Introducción
Un cuento breve y curioso de los hermanos Grimm sobre el poder de los deseos y la imprudencia de juzgar a la ligera. La hija única de un rey tiene un hijo sin que nadie sepa quién es el padre. Para averiguarlo, el rey ordena que en la iglesia el niño ponga un limón en la mano del elegido, que será declarado padre y esposo de la princesa; y manda que solo entren nobles. Pero un pobre muchacho jorobado y poco listo, al que llaman Hans el tonto, se cuela sin ser visto, y el niño le entrega a él el limón.
El rey, furibundo, hace meter a la princesa, al niño y a Hans en un tonel y arrojarlos al mar. A la deriva, la princesa recrimina a Hans su desgracia; pero él le revela un secreto: «todo lo que yo deseo se cumple». Y lo demuestra deseando comida, luego un magnífico barco, luego un palacio con criados, y por fin convertirse él mismo en un joven príncipe hermoso e inteligente, perdiendo su joroba. La princesa, encantada, lo toma por esposo.

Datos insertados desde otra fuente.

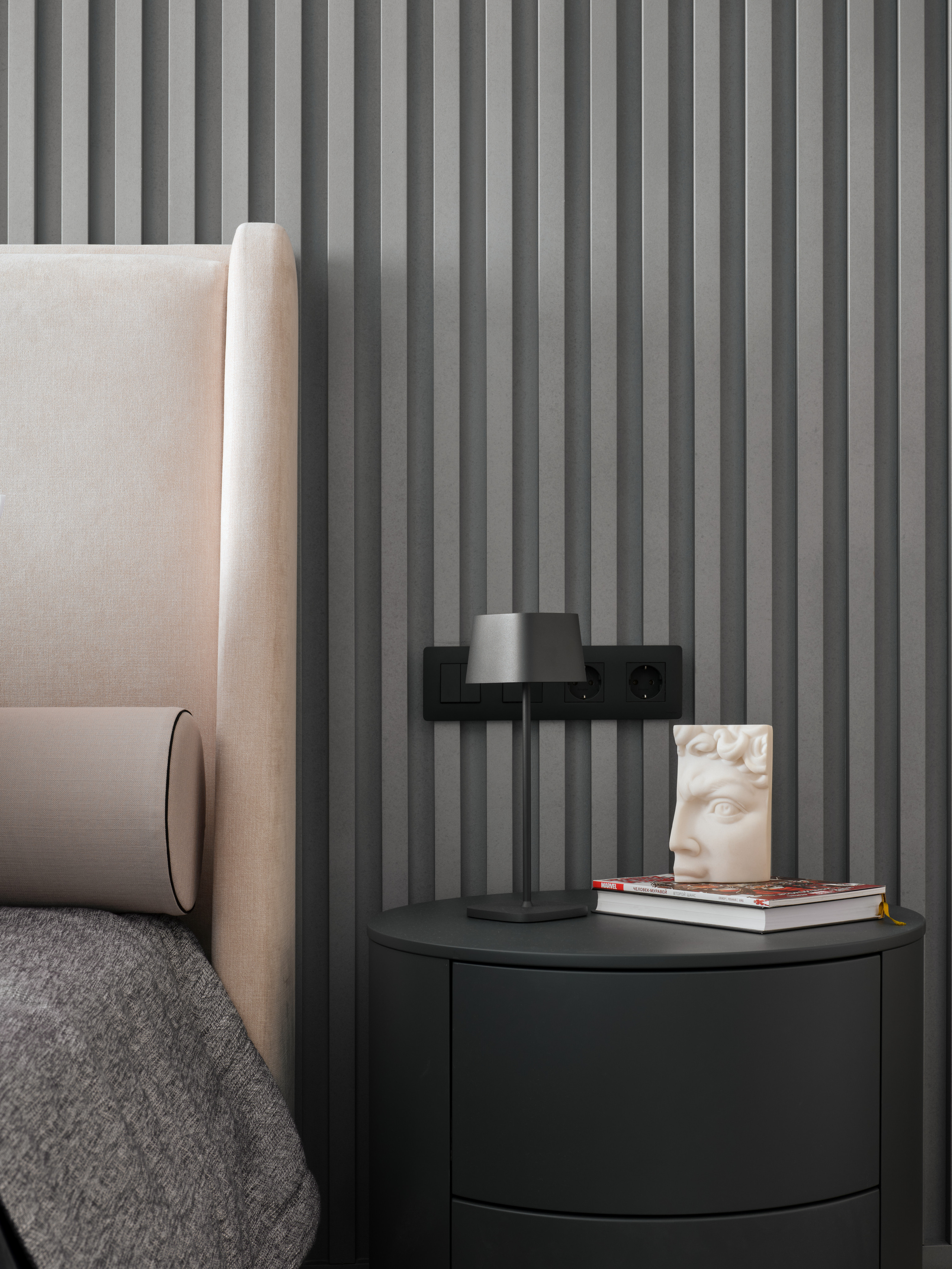 Спальня с мягким изголовьем кровати, серой акцентной стеной с вертикальными панелями и прикроватной тумбой, интерьер Екатерины Мищенко, фотограф Сергей Денисенко, современный стиль с акцентом на текстуры и детали.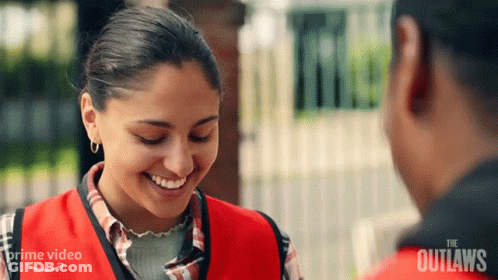 Woman In Red Vest Smiling And Talking GIF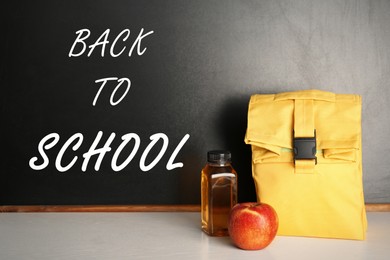 Healthy food for school child in lunch bag on table near blackboard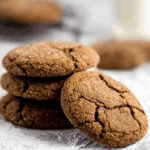 Stack of Super Ginger Molasses Cookies with a sugar-coated crackled surface, resting on parchment paper.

Tiempo después, el viejo rey, perdido en una cacería, llega sin saberlo al palacio de su hija. Ella lo reconoce, aunque él no; y para darle una lección, le desliza a escondidas un vaso de oro en el bolsillo y luego manda registrarlo como a un ladrón. Cuando el rey jura que no lo robó, ella responde: «Por eso debe uno guardarse mucho de considerar enseguida culpable a alguien», y se da a conocer. Reconciliados, viven felices, y al morir el rey, Hans hereda el trono. «Hans el tonto» es una fábula sobre el deseo, la fortuna del humilde y la prudencia al juzgar.